§ TRY IT
When you return the data, keep each character exactly as it appears.

§ MATERIAL PROVIDED
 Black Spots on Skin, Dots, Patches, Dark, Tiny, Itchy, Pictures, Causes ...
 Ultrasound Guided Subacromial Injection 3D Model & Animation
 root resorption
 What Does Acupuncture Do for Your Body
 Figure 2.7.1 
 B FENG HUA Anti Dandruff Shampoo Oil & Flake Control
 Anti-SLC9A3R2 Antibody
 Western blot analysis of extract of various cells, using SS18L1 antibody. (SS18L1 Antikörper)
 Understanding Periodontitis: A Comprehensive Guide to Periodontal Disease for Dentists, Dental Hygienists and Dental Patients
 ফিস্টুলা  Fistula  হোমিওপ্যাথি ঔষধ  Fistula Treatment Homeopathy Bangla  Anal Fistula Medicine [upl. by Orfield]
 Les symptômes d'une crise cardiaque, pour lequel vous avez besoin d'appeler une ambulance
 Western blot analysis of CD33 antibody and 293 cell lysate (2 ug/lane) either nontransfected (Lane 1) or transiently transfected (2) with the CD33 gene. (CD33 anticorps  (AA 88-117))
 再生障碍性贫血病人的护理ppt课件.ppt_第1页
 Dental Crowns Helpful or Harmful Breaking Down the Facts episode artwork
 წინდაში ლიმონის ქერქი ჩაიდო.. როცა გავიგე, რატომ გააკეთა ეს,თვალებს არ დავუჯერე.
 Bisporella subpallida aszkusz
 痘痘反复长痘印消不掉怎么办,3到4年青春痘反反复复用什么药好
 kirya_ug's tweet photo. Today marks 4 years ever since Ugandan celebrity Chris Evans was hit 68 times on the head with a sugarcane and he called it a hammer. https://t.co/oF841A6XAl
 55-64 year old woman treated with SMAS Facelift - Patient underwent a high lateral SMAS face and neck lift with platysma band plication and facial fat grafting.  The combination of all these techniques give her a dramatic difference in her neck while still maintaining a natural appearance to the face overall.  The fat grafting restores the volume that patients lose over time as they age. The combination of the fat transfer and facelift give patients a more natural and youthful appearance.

§ RESPONSE
 Black Spots on Skin, Dots, Patches, Dark, Tiny, Itchy, Pictures, Causes ...
 Ultrasound Guided Subacromial Injection 3D Model & Animation
 root resorption
 What Does Acupuncture Do for Your Body
 Figure 2.7.1 
 B FENG HUA Anti Dandruff Shampoo Oil & Flake Control
 Anti-SLC9A3R2 Antibody
 Western blot analysis of extract of various cells, using SS18L1 antibody. (SS18L1 Antikörper)
 Understanding Periodontitis: A Comprehensive Guide to Periodontal Disease for Dentists, Dental Hygienists and Dental Patients
 ফিস্টুলা  Fistula  হোমিওপ্যাথি ঔষধ  Fistula Treatment Homeopathy Bangla  Anal Fistula Medicine [upl. by Orfield]
 Les symptômes d'une crise cardiaque, pour lequel vous avez besoin d'appeler une ambulance
 Western blot analysis of CD33 antibody and 293 cell lysate (2 ug/lane) either nontransfected (Lane 1) or transiently transfected (2) with the CD33 gene. (CD33 anticorps  (AA 88-117))
 再生障碍性贫血病人的护理ppt课件.ppt_第1页
 Dental Crowns Helpful or Harmful Breaking Down the Facts episode artwork
 წინდაში ლიმონის ქერქი ჩაიდო.. როცა გავიგე, რატომ გააკეთა ეს,თვალებს არ დავუჯერე.
 Bisporella subpallida aszkusz
 痘痘反复长痘印消不掉怎么办,3到4年青春痘反反复复用什么药好
 kirya_ug's tweet photo. Today marks 4 years ever since Ugandan celebrity Chris Evans was hit 68 times on the head with a sugarcane and he called it a hammer. https://t.co/oF841A6XAl
 55-64 year old woman treated with SMAS Facelift - Patient underwent a high lateral SMAS face and neck lift with platysma band plication and facial fat grafting.  The combination of all these techniques give her a dramatic difference in her neck while still maintaining a natural appearance to the face overall.  The fat grafting restores the volume that patients lose over time as they age. The combination of the fat transfer and facelift give patients a more natural and youthful appearance.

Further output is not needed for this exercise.